Bowfer; each to their own, but i disagree on the regen setting: Once you get used to a near-one-pedal driving style, having maximum regen saves energy and, perhaps more importantly, may save a life; while the human shoe-shuffle is going from accelerator to brake, the car is already 'braking' regeneratively, so shaving a metre or few off the total stopping distance; that metre may be an errant three-year-olds head-to-bonnet contact.
Driving 1-p on our honda e on single-carriageway/b/c roads was delightful, why the hell anyone would want to not do that is beyond me. Big roads; yes turn it off. One of the issues many implementations may have, though, is the accelerator response algorithm: a non-linear response with a dead-zone around zero acceleration demand provides a non- kangaroo response and is easy to implement, but it's still early days for ev's yet - and the human element is the hardest bit to satisfy (lol, eh!?)
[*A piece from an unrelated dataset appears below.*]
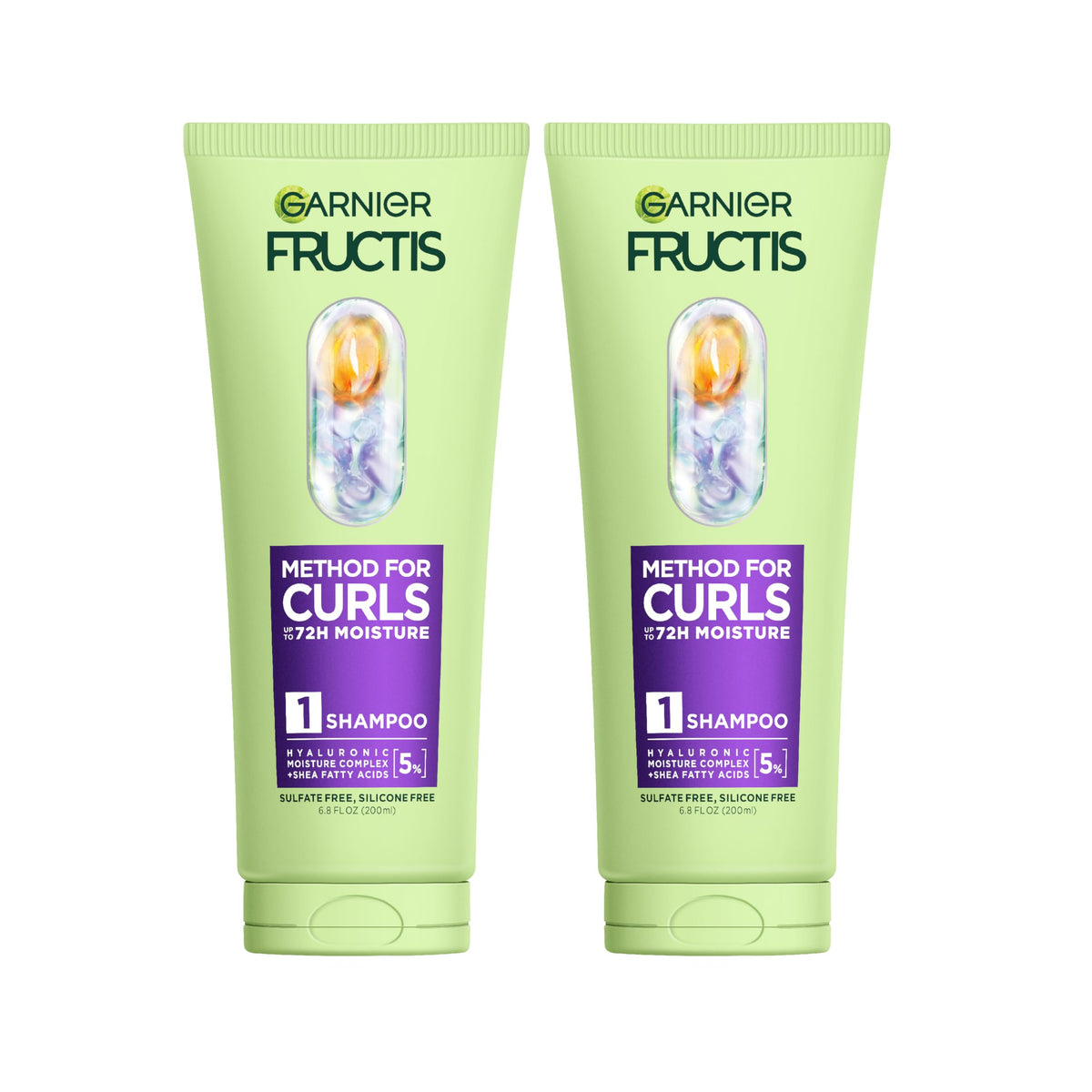 Garnier Fructis front bottle showing label and hydration benefits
KH11: of no importance whatsoever, but remember the (current (sorry)) ev's don't have a 'gearbox' in the trad sense, just a single permanently (hopefully) fixed gear and an electric motor that just spins faster for more speed. Hope you enjoy your car; after a million miles stick-shifting, i find nothing enjoyable about the occasional step backwards to the agricultural feel of ice.